The change in policy was instituted by General John Nicholson, the senior U.S. commander in Kabul, over fears that families could be left guessing for days after casualties have been publicly announced but not identified, and before families could be notified, said military spokesman Captain Bill Salvin.
"It's a balance we're trying to strike between trying to provide all the support we can to families, while also informing the public," he told Reuters.
Previously, the U.S. military command in Kabul issued a initial announcement only stating that a soldier had been killed, often including a general location within Afghanistan, but not identifying the casualties.
Once the soldier's family or next of kin had been notified, the Pentagon would release more details, including names and home units.
The change in policy was revealed this week when U.S. Army Private First Class Hansen Kirkpatrick was killed in Afghanistan's Helmand province on Monday, but officials did not announce that a soldier had been killed until Wednesday, when his death and identity was released.

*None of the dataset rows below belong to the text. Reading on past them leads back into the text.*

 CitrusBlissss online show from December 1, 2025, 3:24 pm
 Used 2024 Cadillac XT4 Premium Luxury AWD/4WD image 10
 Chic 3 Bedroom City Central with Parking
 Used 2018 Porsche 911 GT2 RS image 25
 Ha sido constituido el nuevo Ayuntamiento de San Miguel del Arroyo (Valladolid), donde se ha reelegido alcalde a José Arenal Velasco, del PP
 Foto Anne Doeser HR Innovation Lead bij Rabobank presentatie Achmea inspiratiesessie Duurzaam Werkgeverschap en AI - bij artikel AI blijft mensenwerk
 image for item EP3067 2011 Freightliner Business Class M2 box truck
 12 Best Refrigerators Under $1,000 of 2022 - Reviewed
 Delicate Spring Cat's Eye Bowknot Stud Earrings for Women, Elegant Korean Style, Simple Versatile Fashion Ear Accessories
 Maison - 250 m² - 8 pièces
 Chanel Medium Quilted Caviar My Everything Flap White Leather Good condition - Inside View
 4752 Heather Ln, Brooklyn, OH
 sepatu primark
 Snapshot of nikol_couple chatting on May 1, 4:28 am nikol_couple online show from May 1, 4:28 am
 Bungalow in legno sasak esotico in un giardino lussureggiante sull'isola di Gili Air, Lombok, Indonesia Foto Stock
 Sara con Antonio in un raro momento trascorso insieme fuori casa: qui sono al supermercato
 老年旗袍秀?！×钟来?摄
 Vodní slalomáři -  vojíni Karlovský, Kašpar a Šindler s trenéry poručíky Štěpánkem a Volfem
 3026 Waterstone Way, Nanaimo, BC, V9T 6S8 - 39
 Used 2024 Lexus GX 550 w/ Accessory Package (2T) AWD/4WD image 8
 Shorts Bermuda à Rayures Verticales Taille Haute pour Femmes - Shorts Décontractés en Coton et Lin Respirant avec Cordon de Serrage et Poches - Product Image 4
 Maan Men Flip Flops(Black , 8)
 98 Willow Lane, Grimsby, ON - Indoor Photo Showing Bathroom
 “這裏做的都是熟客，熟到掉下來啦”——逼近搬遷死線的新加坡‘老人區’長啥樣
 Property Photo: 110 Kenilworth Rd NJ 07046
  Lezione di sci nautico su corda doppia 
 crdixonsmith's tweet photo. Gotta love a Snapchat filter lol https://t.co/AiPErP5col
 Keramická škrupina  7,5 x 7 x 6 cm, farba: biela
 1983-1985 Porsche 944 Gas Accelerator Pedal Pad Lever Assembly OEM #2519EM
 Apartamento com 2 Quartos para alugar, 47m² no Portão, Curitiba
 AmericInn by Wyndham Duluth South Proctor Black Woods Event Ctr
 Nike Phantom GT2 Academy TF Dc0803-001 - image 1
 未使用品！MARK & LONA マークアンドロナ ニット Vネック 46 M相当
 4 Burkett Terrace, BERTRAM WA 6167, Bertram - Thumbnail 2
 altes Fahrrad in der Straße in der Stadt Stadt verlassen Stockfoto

Buzzfeed news reported on Wednesday that the policy only applied to Afghanistan, and had not been introduced in other war zones like Iraq and Syria.
Salvin confirmed that the new policy was ordered by Nicholson but said military spokesmen would continue to release casualty reports, albeit on a more delayed schedule.
"There might be a bit longer period before we report it," he said.
About 13,000 U.S. and allied troops in a NATO-led force are deployed in Afghanistan to train and advise its security forces struggling against Taliban insurgents.
Several thousand additional American forces operate in a separate counterterrorism mission in the country. Kirkpatrick was part of that mission.
Salvin said the U.S. military would still respond to public reports of casualties, as occasionally happens when Afghan officials report casualties among foreign troops.